To help my kids avoid this, I will be very intentional with their academic and career discussions. And we will always weigh the cost of academic decisions with the long-term view in mind.
- “What if someone is considering a journalism degree? Wettrick said, Start a freaking blog!” – Explore you career interests by actually doing the work before committing resources. Internships provide this experience and remain a great option. And in today’s digital age, you can create work samples online. Employers want to talk to young people who show initiative.
- “It’s common to think investing is confusing, overwhelming and impossible to do on your own. This is not an accident. There is a tremendous incentive for the financial industry to promote feelings of inadequacy, fear, and confusion in investors. Creating complexity and anxiety allows the financial advice industry to justify their existence.” –Mamula explains his bad experience with his financial advisor recommending high fee products. I don’t think this industry is that different from any other. There are good characters and bad. The products that financial advisors offer have higher fees than index funds. That is how they get compensated. We, the consumers, must decide if the service they provide is worth the cost.

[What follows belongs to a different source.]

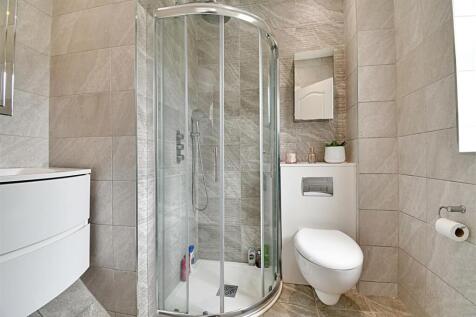 Ensuite 1.jpg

- “The best way to avoid behavioral mistakes is to develop systems, remove yourself and your emotions, and allow the process to do work for you.” – System development is one of the great human superpowers.
The book explains the Choose FI philosophy well. I like the structure of layering different strategies into one of the three broad levers: Spend Less, Earn More, Invest Better. Bonus idea for a revised edition: add an impact score to each of the techniques.

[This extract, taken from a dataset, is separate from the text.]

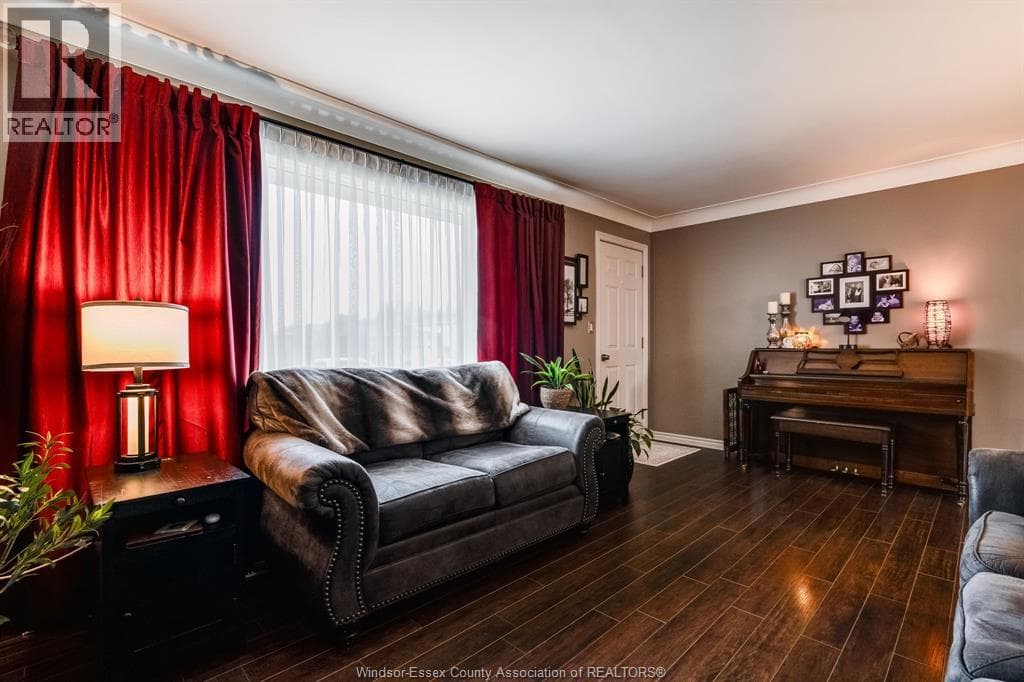 1654 Fairlea CRESCENT, Windsor — photo 4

This book is an excellent introduction to Financial Independence. I’m a few years down the path having consumed hundreds of hours of content on the subject. So, I cruised through the book at first read – recognizing this as a review of the Choose FI philosophy. Right now, I am seeking 201 or 301 FI level material.
Who is this book for?
I am comfortable handing this book to anyone.

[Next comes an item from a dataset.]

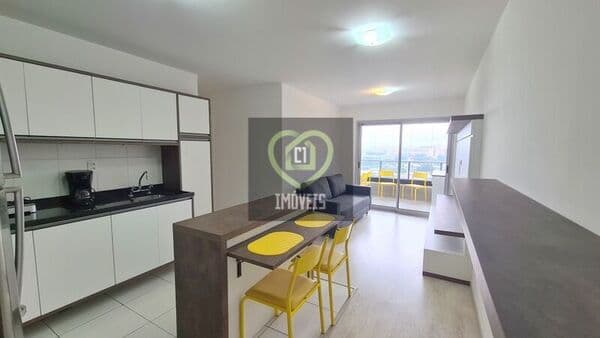 Apartamento Padrão mobiliado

- Especially people early in their career or approaching the college decision. They have so much to gain from this knowledge.
- I would also recommend this to anyone in their middle years. Many have a big income shovel but aren’t using it effectively.
- Or those who are recently out of debt and looking for the next financial goal.
- Or those in the traditional rat-race, burned out and without a vision that doesn’t leave them working their 9-5 to 65.
For the young pros: How would you like to structure your financial life to give you flexibility to pursue your passions in your prime years? And avoid a mid-life crisis?
For the mid-lifers: How would you like to take control back in your life? Incremental changes will provide you hope and purpose.